**Task instructions:** Exactly the lines from the one with "#LTKHome #PotteryBarn #HomeDecor" through the end of the data below must be set down, and no pictures with them.

**Dataset content:**
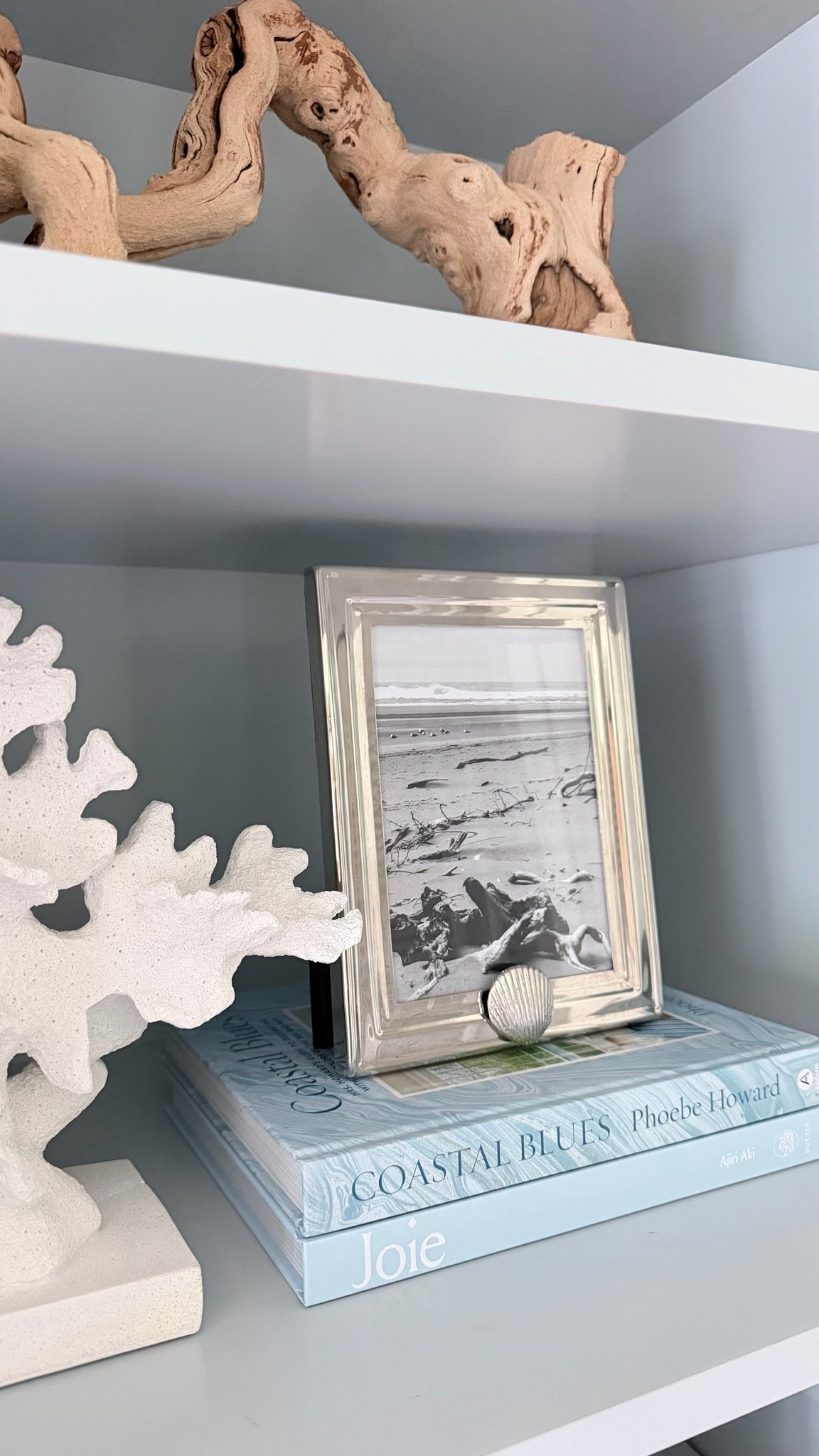 A timeless Pottery Barn silver frame with the prettiest subtle shell detail. It's the perfect piece for creating that collected, lived-in look that always feels warm and classic. ✨
#LTKHome #PotteryBarn #HomeDecor #CollectedHome #TimelessStyle #ShelfStyling #MantelDecor #CoastalStyle #InteriorDesign #HomeInspiration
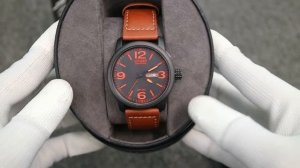 Citizen Eco Drive Brown Leather Men's Watch BM8475-26E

**Response for this exercise:**
#LTKHome #PotteryBarn #HomeDecor #CollectedHome #TimelessStyle #ShelfStyling #MantelDecor #CoastalStyle #InteriorDesign #HomeInspiration
 Citizen Eco Drive Brown Leather Men's Watch BM8475-26E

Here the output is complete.